Artificial intelligence and its impact on fraud

Artificial intelligence (AI) has become a global game-changer, offering innovative solutions and efficiencies that were once unimaginable. While AI provides tremendous benefits to financial institutions—streamlining operations, enhancing customer experiences, and bolstering security—it also presents new opportunities for criminals. According to Deloitte, AI-enabled fraud losses in the U.S. are projected to soar to $40 billion by 2027, a significant jump from $12.3 billion in 2023. This sharp increase signals an urgent need for financial institutions to strengthen their fraud detection measures and stay ahead of these sophisticated threats. This blog explores some of the more common AI methods fraudsters use to prey on their victims.

New developments

Understanding AI-driven fraud trends

Extortion and spokesperson deepfakes

Deepfake fraud, which involves creating highly realistic but fake videos and audio, is one of the most alarming developments in AI-driven fraud. According to the FBI, deepfake images are used for extortion: creating sexually explicit photos, demanding ransom, and threatening to expose the fake images. This type of extortion often targets young adults.

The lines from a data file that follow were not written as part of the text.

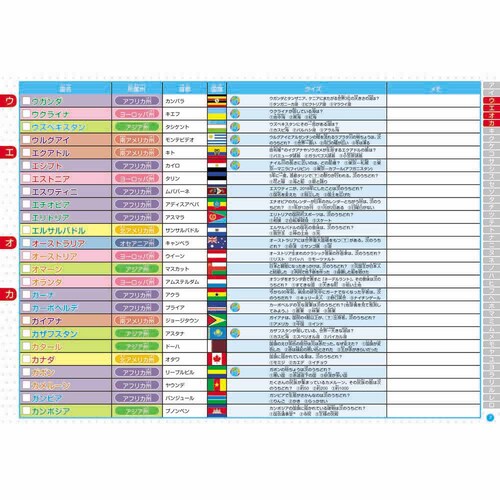 ������o�� �m��Ȃ����������Ɍ����� ������̒n���V SC-11 �y�v���U�Z���N�g�z_4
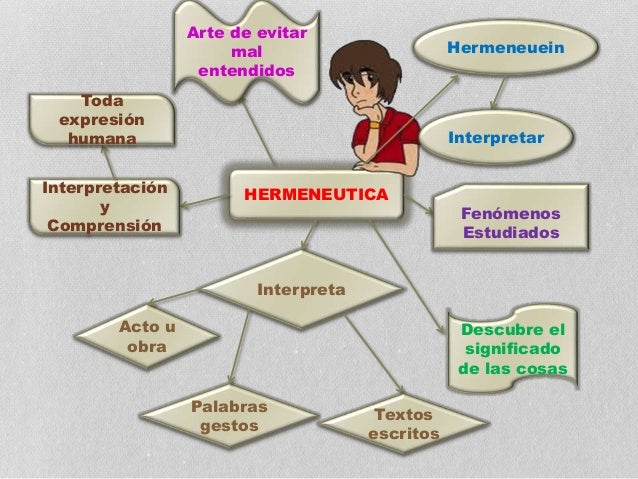 Método hermenéutico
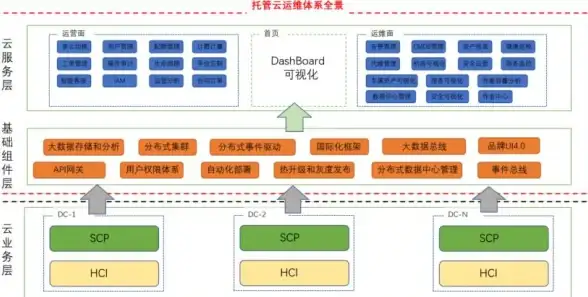 重磅爆料｜Win10源码内幕拆解：主机性能实测对比⚡技术深读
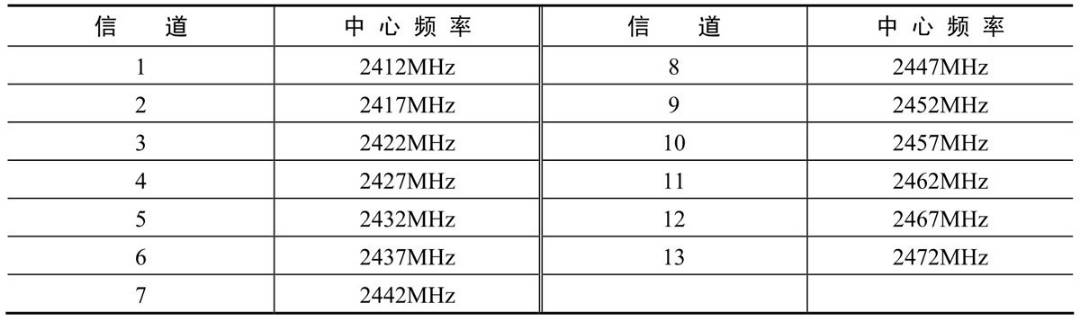 kali 监听 python反弹shell kali监听模式_无线网卡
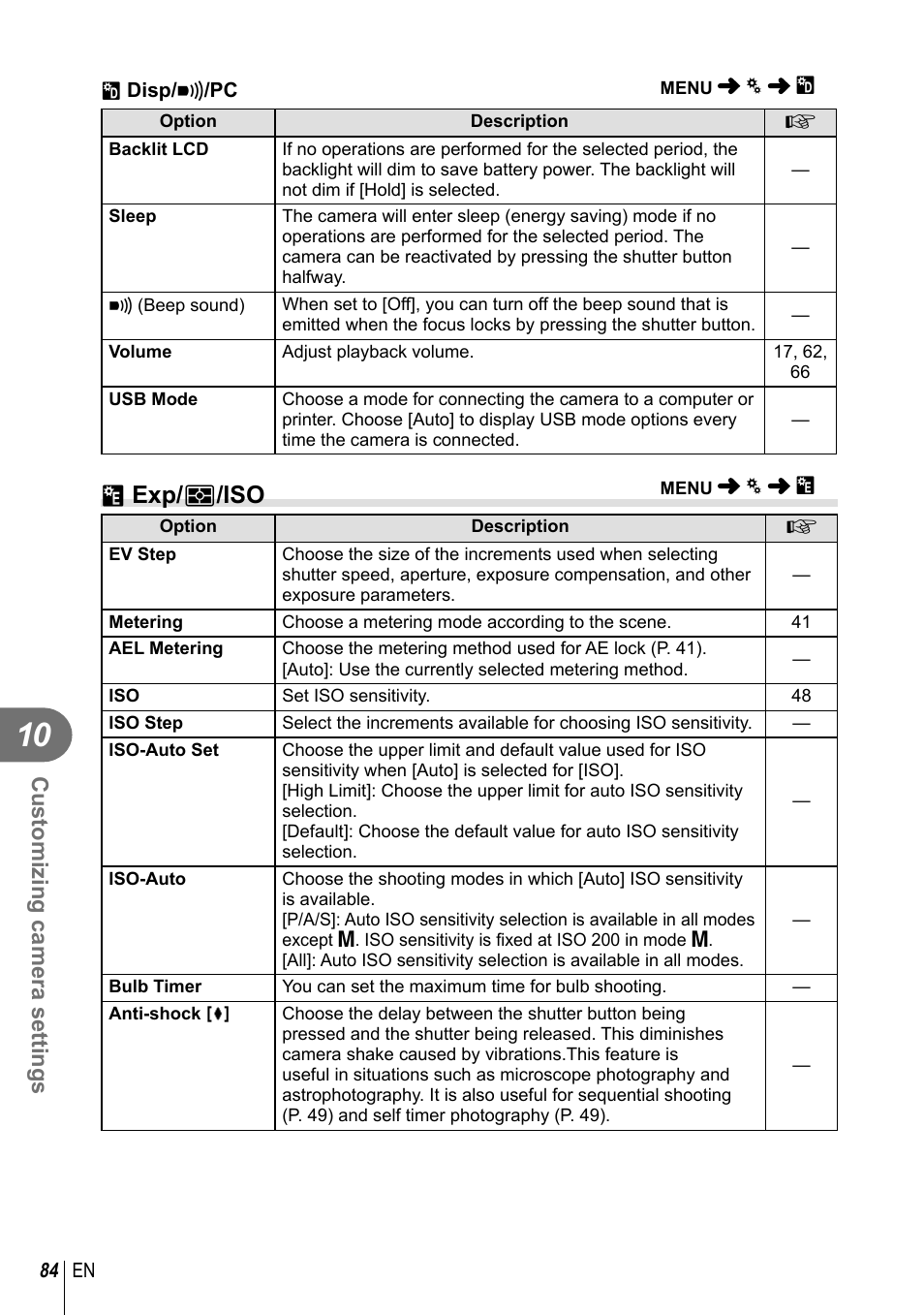 V exp/ p /iso, Customizing camera settings | Olympus E-PM1 User Manual | Page 84 / 129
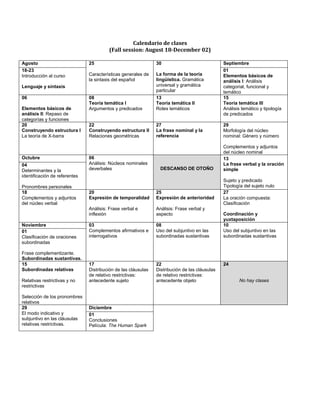 Calendario de clases
(Fall session: August 18-December 02)
Agosto 25
Características generales de
la sintaxis del español
30
La forma de la teoría
lingüística. Gramática
universal y gramática
particular
Septiembre
18-23
Introducción al curso
Lenguaje y sintaxis
01
Elementos básicos de
análisis I: Análisis
categorial, funcional y
temático
06
Elementos básicos de
análisis II: Repaso de
categorías y funciones
08
Teoría temática I
Argumentos y predicados
13
Teoría temática II
Roles temáticos
15
Teoría temática III
Análisis temático y tipología
de predicados
20
Construyendo estructura I
La teoría de X-barra
22
Construyendo estructura II
Relaciones geométricas
27
La frase nominal y la
referencia
29
Morfología del núcleo
nominal: Género y número
Complementos y adjuntos
del núcleo nominal
Octubre 06
Análisis: Núcleos nominales
deverbales DESCANSO DE OTOÑO
13
La frase verbal y la oración
simple
Sujeto y predicado
Tipología del sujeto nulo
04
Determinantes y la
identificación de referentes
Pronombres personales
18
Complementos y adjuntos
del núcleo verbal
20
Expresión de temporalidad
Análisis: Frase verbal e
inflexión
25
Expresión de anterioridad
Análisis: Frase verbal y
aspecto
27
La oración compuesta:
Clasificación
Coordinación y
yuxtaposición
Noviembre 03
Complementos afirmativos e
interrogativos
08
Uso del subjuntivo en las
subordinadas sustantivas
10
Uso del subjuntivo en las
subordinadas sustantivas
01
Clasificación de oraciones
subordinadas
Frase complementizante.
Subordinadas sustantivas.
15
Subordinadas relativas
Relativas restrictivas y no
restrictivas
Selección de los pronombres
relativos
17
Distribución de las cláusulas
de relativo restrictivas:
antecedente sujeto
22
Distribución de las cláusulas
de relativo restrictivas:
antecedente objeto
24
No hay clases
29
El modo indicativo y
subjuntivo en las cláusulas
relativas restrictivas.
Diciembre
01
Conclusiones
Película: The Human Spark
 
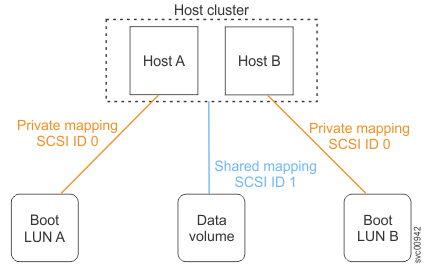 Image shows an example of two hosts in a host cluster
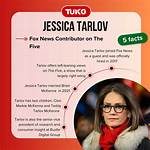 Where Is Jessica on the Five? Understanding Her Journey and Impact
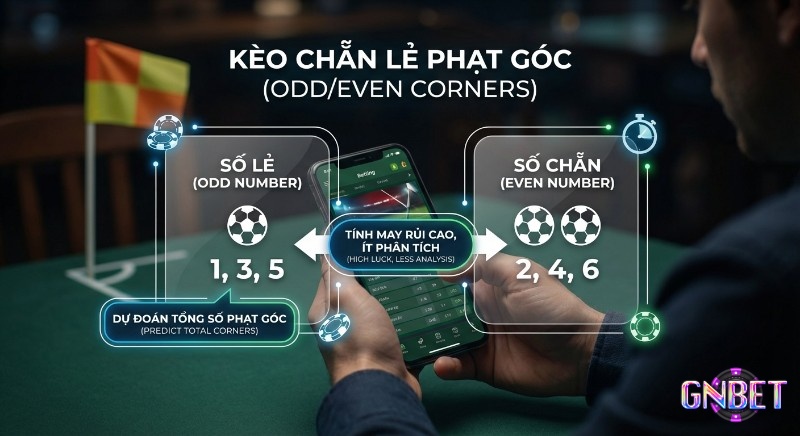Sơ đồ giải thích kèo chẵn lẻ phạt góc: dự đoán tổng số phạt góc là số lẻ (1,3,5) hay chẵn (2,4,6) qua app cược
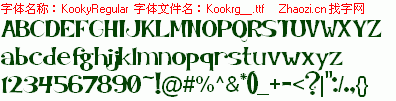 查看字体及作者详细介绍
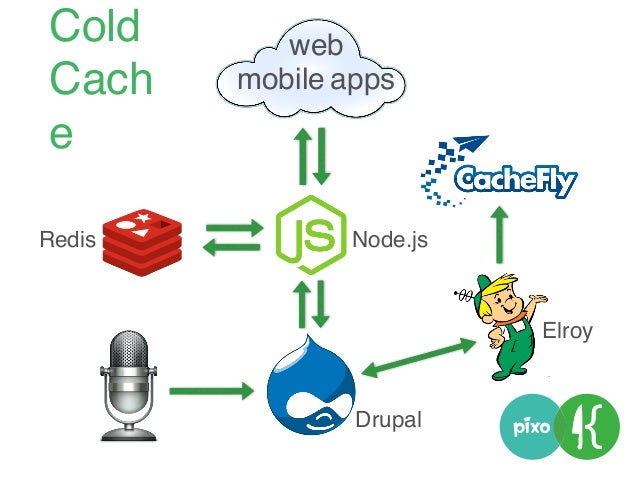 Node.js architecture
• Saucier - Our headless framework
• Node.js
• Express for routing
• Dust templates
• Redis for cachi...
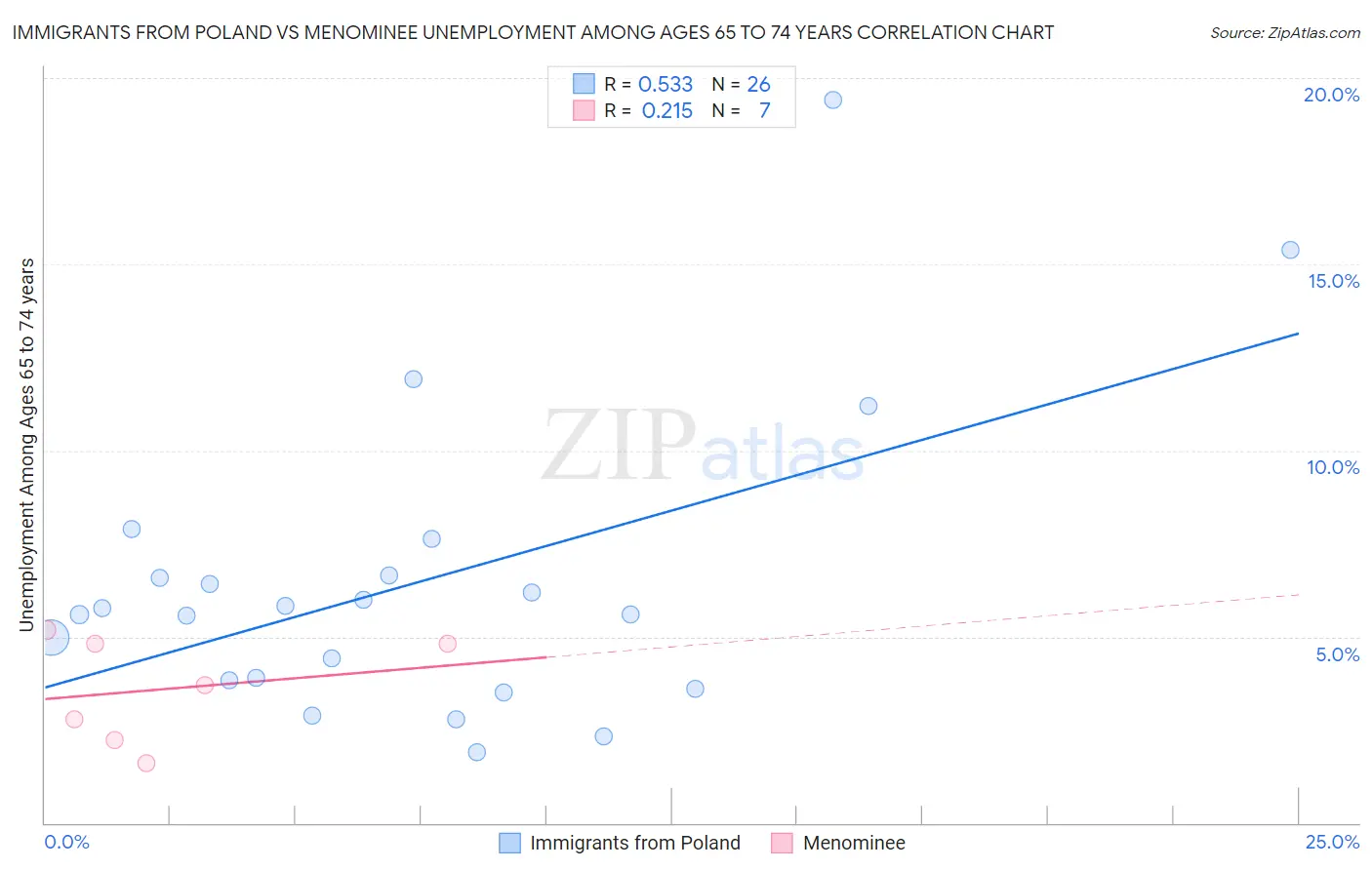 Immigrants from Poland vs Menominee Unemployment Among Ages 65 to 74 years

Criminals increasingly use deepfakes to impersonate well-known figures, making scams more convincing and widespread. For example, a deepfake video of Elon Musk was widely circulated online, promoting a cryptocurrency scam. The video used footage from a real TED Talk featuring Musk, misleading viewers into believing it was a legitimate endorsement and leading to financial losses for some investors.

In another recent example, a retiree thought he had found an opportunity to secure a better future for his family when he stumbled upon a video of Elon Musk endorsing a promising investment. Convinced by the deepfake pitch, the man opened an account with an initial deposit of $248. Over the following weeks, he invested everything he had—more than $690,000—draining his entire retirement savings in the process. What began as a hopeful investment quickly turned into a devastating financial loss, illustrating the efficiency of today’s AI-powered fraud.

High-profile incidents like these highlight the power of deepfakes, but the threat isn't limited to celebrities. Recently, a business email compromise scam lured a Hong Kong finance officer into transferring $25 million to criminals who had used deepfake technology to impersonate his company's Chief Financial Officer during a video call. The scam was so convincing that it bypassed multiple security checks, demonstrating the serious risks deepfake fraud poses to financial institutions.

Voice cloning with AI

Voice cloning is another AI ability that can be used to make traditional scams more effective. An Arizona mother answered a call from an unfamiliar number, only to hear what she believed was her 15-year-old daughter in distress, supposedly being held by kidnappers demanding $50,000. The voice sounded exactly like her daughter’s, but AI had generated it. Fortunately, the mother’s concerned friends quickly contacted 911 and her husband, leading to the discovery that her daughter was safe.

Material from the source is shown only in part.